[RECORDS SHOWN Boundary: Start]

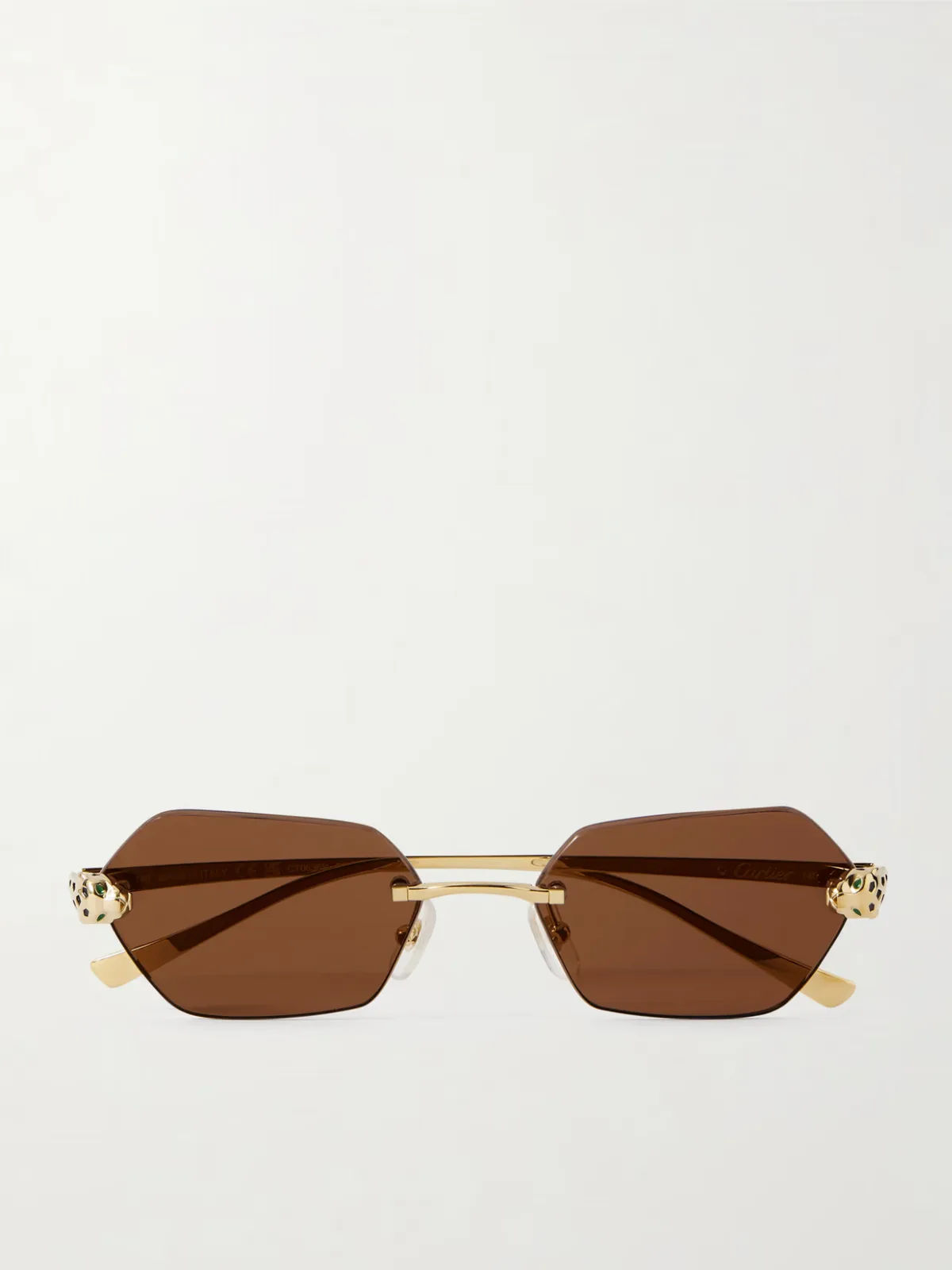 - Panthère De Cartier Rimless Hexagon-frame Gold-tone Sunglasses -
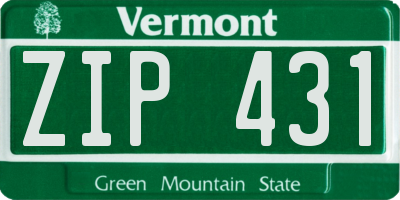 VT license plate ZIP431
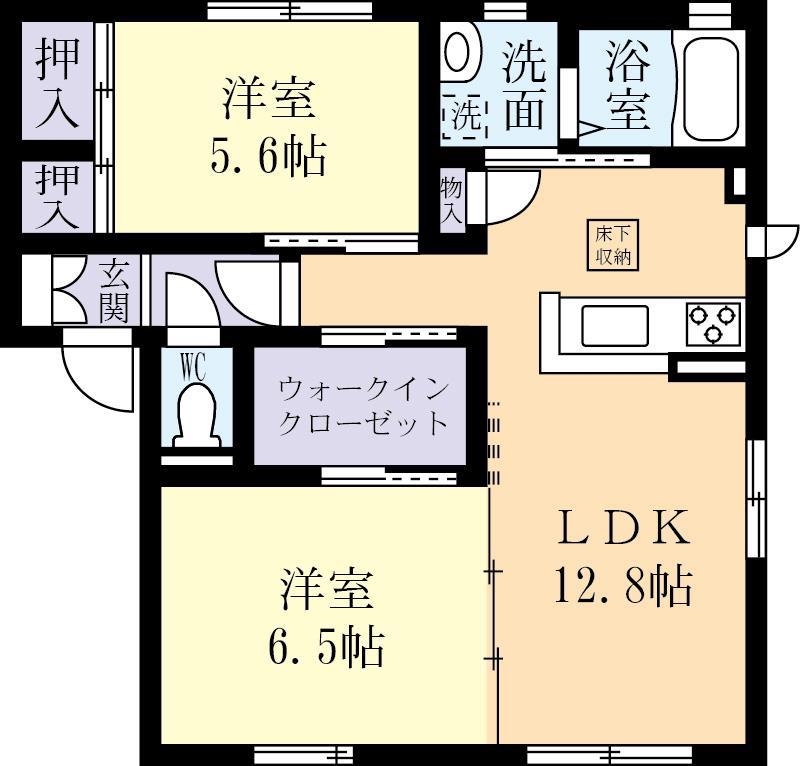 ヴェルデ(2LDK/2階)の間取り写真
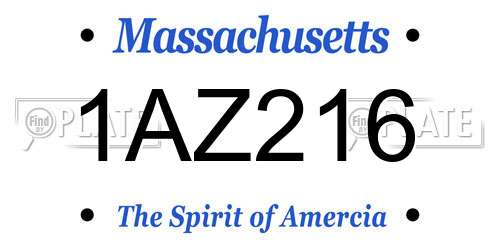 1AZ216 Massachusetts License Plate
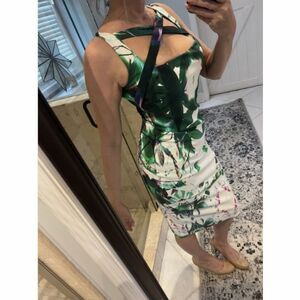 Chiara Boni La Petite Robe Abstract Strappy Neck Midi Dress Green Size 46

[RECORDS SHOWN Boundary: End]

Where an entry holds a picture, drop it and transcribe everything else exactly.

 - Panthère De Cartier Rimless Hexagon-frame Gold-tone Sunglasses -
 VT license plate ZIP431
 ヴェルデ(2LDK/2階)の間取り写真
 1AZ216 Massachusetts License Plate
 Chiara Boni La Petite Robe Abstract Strappy Neck Midi Dress Green Size 46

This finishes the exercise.